DATASET RECORDS:
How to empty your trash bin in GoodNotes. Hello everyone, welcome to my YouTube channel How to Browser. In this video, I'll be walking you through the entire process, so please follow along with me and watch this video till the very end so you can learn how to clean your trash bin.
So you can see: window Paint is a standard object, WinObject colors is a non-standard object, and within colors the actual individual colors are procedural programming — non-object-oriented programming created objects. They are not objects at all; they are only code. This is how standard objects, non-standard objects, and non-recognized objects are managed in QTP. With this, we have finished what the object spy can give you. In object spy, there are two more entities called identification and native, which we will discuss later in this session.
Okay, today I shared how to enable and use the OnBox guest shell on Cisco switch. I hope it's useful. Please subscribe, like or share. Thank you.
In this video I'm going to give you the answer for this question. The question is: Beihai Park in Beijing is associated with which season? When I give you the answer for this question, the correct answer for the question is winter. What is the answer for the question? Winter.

...

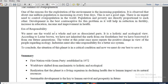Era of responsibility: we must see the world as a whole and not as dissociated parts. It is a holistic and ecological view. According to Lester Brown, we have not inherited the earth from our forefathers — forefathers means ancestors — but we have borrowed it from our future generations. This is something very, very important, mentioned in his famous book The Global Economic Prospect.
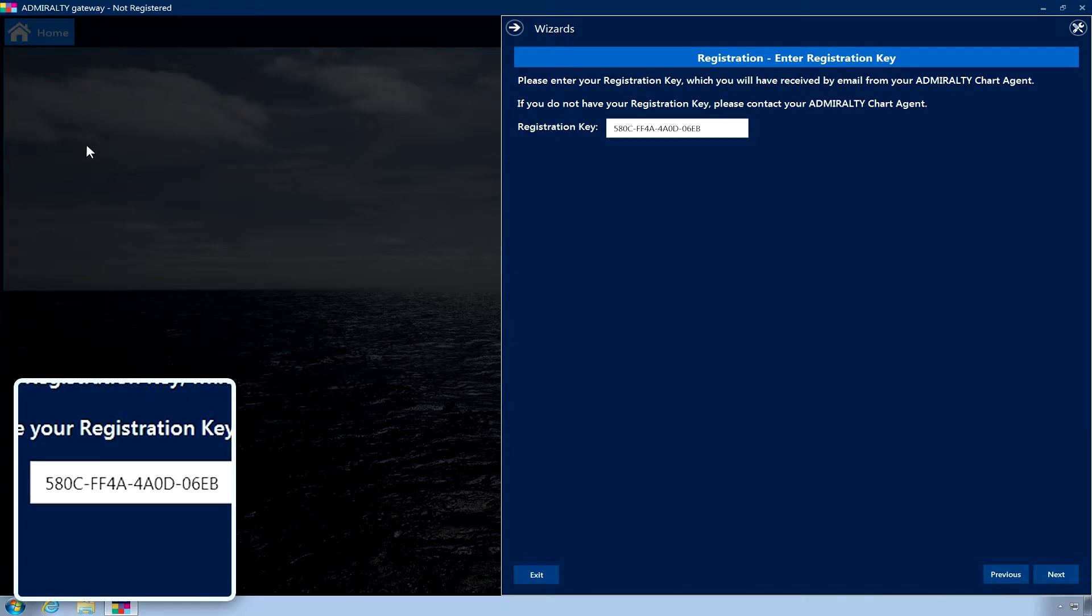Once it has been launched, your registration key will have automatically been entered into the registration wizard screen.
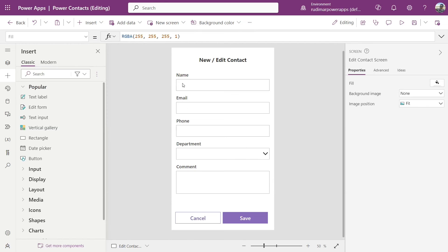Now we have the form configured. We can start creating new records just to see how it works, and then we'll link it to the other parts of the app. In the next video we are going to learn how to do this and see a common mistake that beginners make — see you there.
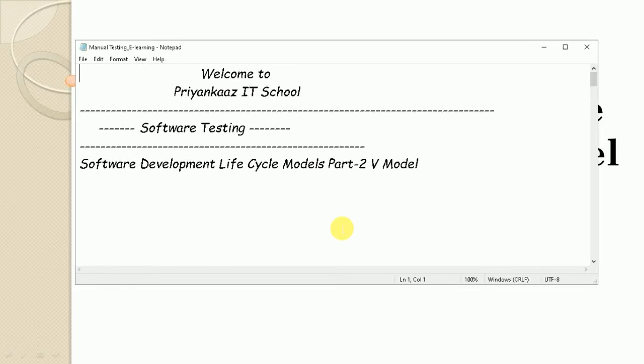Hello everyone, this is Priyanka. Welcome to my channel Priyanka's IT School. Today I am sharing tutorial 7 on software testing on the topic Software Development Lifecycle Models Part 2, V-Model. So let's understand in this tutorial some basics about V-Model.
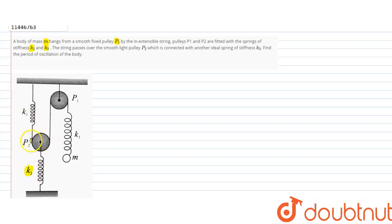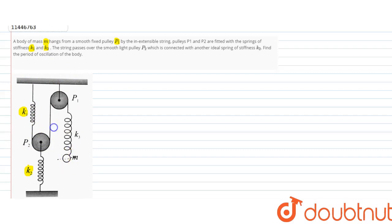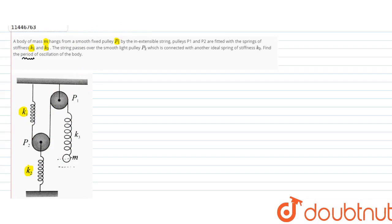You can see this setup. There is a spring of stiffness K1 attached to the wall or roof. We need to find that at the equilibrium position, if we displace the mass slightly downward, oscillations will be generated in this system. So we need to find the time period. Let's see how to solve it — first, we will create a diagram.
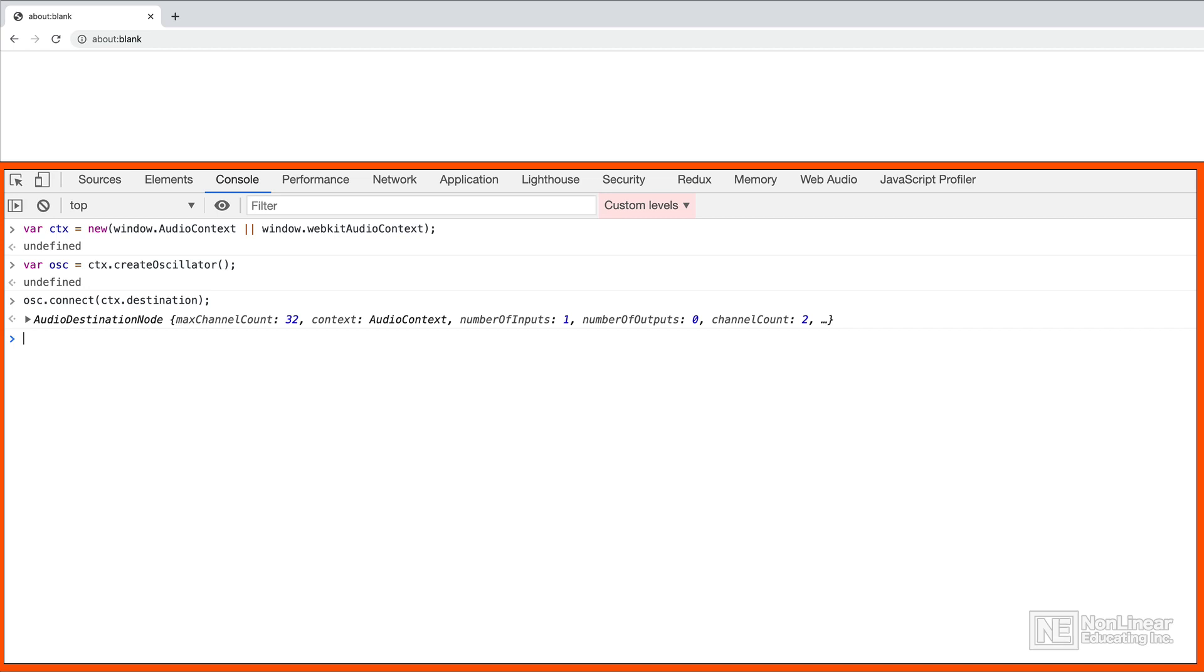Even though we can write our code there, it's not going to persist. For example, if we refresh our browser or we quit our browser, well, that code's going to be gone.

TASK DETAILS:
When you reach the line in the material above that holds "How to empty", begin reproducing lines exactly, and stop after the line that holds "In this video I'm".

ANSWER BOX:
How to empty your trash bin in GoodNotes. Hello everyone, welcome to my YouTube channel How to Browser. In this video, I'll be walking you through the entire process, so please follow along with me and watch this video till the very end so you can learn how to clean your trash bin.
So you can see: window Paint is a standard object, WinObject colors is a non-standard object, and within colors the actual individual colors are procedural programming — non-object-oriented programming created objects. They are not objects at all; they are only code. This is how standard objects, non-standard objects, and non-recognized objects are managed in QTP. With this, we have finished what the object spy can give you. In object spy, there are two more entities called identification and native, which we will discuss later in this session.
Okay, today I shared how to enable and use the OnBox guest shell on Cisco switch. I hope it's useful. Please subscribe, like or share. Thank you.
In this video I'm going to give you the answer for this question. The question is: Beihai Park in Beijing is associated with which season? When I give you the answer for this question, the correct answer for the question is winter. What is the answer for the question? Winter.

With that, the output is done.